Poetry

Othuke Isaac Umukoro: Small Things

Window woman
Image by Pexels from Pixabay (Modified)

Small things

She stands by the
window; an unripe metaphor,
looking into the darkness
It’s raining outside
but she can’t see it,
I mean the happiness
that peeps from the
back of her clattering

so she adjusts the
silence sitting stubbornly
on her lips & continues to
search for him everywhere;
in the black & white photograph
on the wall: the one that likes to
play hide & seek with her mind,

in the neatly arranged memories
inside the slatted closet;
even round her areoles when
she thinks no one is watching:
how she looks at them before
trying to pull him playfully
from under their skin;

I mean anywhere she
can hold his cries or stand
with his little dimpled laughter
but small things
are hard to find
even in spacious memories.
& for a mother still trying to
accept the jaded gospel of departure,
life is a prime number; unruffled silence
& a freshly peeled melancholy stand as
the only two unrepentant divisors.

Outside, she continues to clatter—
she has been unyielding
for many days now.

——————

Crosses

The air, a confetti of
secrets, tasted like bitter almonds.
& they trudge on, the road: forested by
prickly poppies keeps curveting into
smaller visions with sniper vultures
watching from undistilled cliffs;
(imagine) spiders unknotting,
(imagine again) eyeless terror.
Men, their legs caked with
calcified mud like cow-dung,
their eyes heavy from nettled
dreams of grisly shredded
flesh, push against the
invisible as the premature sun
casts underbellied shadows on
the bundles hanging loosely &
peeping from the back of
women with hairs sans serif
for discomfiture, skin frolicked
by mosquitoes & fat black flies.

& some trees are
metaphors for ghosts,
& birds stitch silence into their
feathers before perching on them;

& death is a wild animal,
& God is an evil forest,
& survival has many names
clawing for home.

——————

My father’s

ghost

is a passage into a
language that is nocturnal:
he on the brown corralled sofa,
me on the floor with a serious
poem stuck in my throat,
between what was said & what was
meant breathes what is untranslatable;
& we make small
talk with our eyes:
silence standing between
us like history, capitalized;
because we learn to respect the gospel
of silence when we sit alone in a room
with death; because with ghosts talk is
really useless, because silence is how
you digest their hallowed proverbs;
because between love & light
a ghost walks, & a ghost is a
closeted metaphor for protruding roots,
& roots are orifices for blessing: from those
who carry the world on their back & I have
learned to tend upon roots & ghosts—always.
——————
Poetry © Othuke Isaac Umukoro
Image by Pexels from Pixabay (Modified)

About the author

Othuke Isaac Umukoro

Othuke Isaac Umukoro is a poet, playwright & short story writer. His demons have appeared in Brittle Paper, Ink in Thirds, Poetry Potion (South Africa) & elsewhere. He likes Quentin Tarantino & Alice Walker & Derek Walcott. When bored, he watches Everybody Hates Chris.

8 Comments

Click to comment. Comments held for moderation.
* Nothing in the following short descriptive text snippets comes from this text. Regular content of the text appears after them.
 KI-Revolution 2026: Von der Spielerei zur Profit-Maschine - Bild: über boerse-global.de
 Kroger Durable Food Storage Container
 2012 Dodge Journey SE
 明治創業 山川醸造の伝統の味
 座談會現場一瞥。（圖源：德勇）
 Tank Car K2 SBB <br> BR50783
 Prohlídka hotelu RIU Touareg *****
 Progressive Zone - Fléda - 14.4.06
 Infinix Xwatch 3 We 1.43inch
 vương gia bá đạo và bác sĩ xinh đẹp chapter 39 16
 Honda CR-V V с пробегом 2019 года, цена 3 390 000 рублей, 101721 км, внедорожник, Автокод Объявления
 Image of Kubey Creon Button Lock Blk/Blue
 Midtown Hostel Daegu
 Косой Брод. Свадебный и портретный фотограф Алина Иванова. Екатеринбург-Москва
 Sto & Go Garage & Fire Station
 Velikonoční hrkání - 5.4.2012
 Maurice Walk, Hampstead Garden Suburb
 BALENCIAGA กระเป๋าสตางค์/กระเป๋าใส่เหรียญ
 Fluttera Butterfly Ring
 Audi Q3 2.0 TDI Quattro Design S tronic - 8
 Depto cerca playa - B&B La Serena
  • I can’t clearly say this in English as it doesn’t give the exact tone I want so i will say it in Spanish – Esto es excelente y más allá de la pequeña creatividad

  • These pieces are awesome. I especially enjoy the author’s device- so smooth they are seamless, yet so deep upon reflection. Take for instance:
    “life is a prime number; unruffled silence
    & a freshly peeled melancholy stand as
    the only two unrepentant divisors.” In Small Things. One will be reminded of prime numbers in everyday mathematics (smooth); and then, the subsequent words: you I instantly recollect the awkward feeling of bereavement when its fresh.
    An beautiful addition to my anthology, Mr Isaac.

  • Nice piece you have…… Excellent choice of words and I love d device employed….. Nice work bro….. Keep it up

  • This is full of wisdom, insightfully created as each line flow with one another!
    Well done Isaac, looking forward for more.
    I am sure you are born for this!
    Change the world with your poems!!!